__DATA SHOWN__:
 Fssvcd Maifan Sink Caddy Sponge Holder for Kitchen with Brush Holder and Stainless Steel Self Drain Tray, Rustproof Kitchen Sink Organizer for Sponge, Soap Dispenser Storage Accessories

* * *

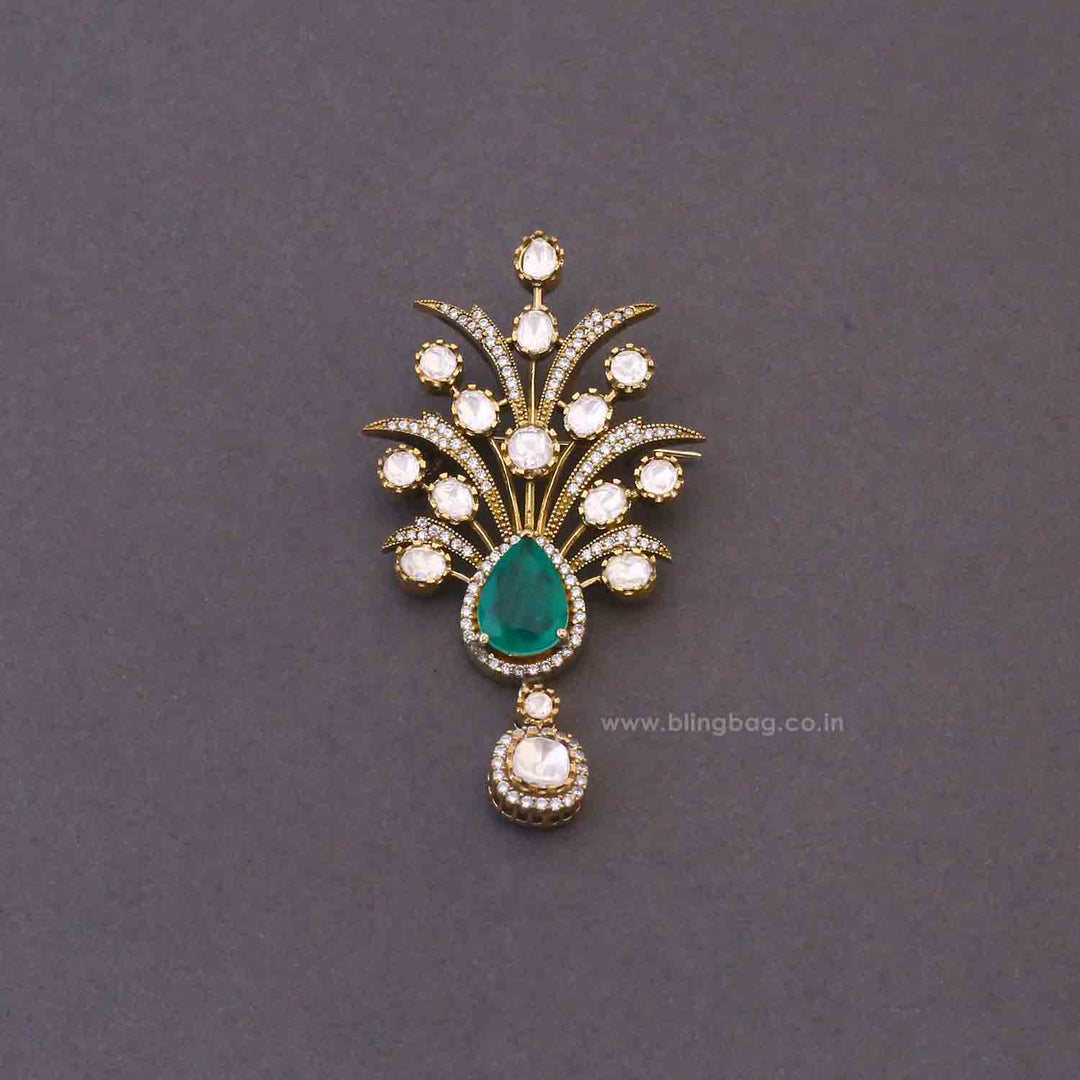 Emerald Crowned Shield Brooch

...

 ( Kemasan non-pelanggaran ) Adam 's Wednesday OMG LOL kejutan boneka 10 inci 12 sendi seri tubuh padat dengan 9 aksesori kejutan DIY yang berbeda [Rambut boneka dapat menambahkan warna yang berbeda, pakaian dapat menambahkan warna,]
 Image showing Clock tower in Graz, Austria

__PROBLEM TO SOLVE__: The lines above starting at the one that contains "( Kemasan non-pelanggaran" and ending at the one that contains "Image showing Clock tower in Graz, Austria" must be transcribed exactly, and no other lines may appear.

__REPLY__:
 ( Kemasan non-pelanggaran ) Adam 's Wednesday OMG LOL kejutan boneka 10 inci 12 sendi seri tubuh padat dengan 9 aksesori kejutan DIY yang berbeda [Rambut boneka dapat menambahkan warna yang berbeda, pakaian dapat menambahkan warna,]
 Image showing Clock tower in Graz, Austria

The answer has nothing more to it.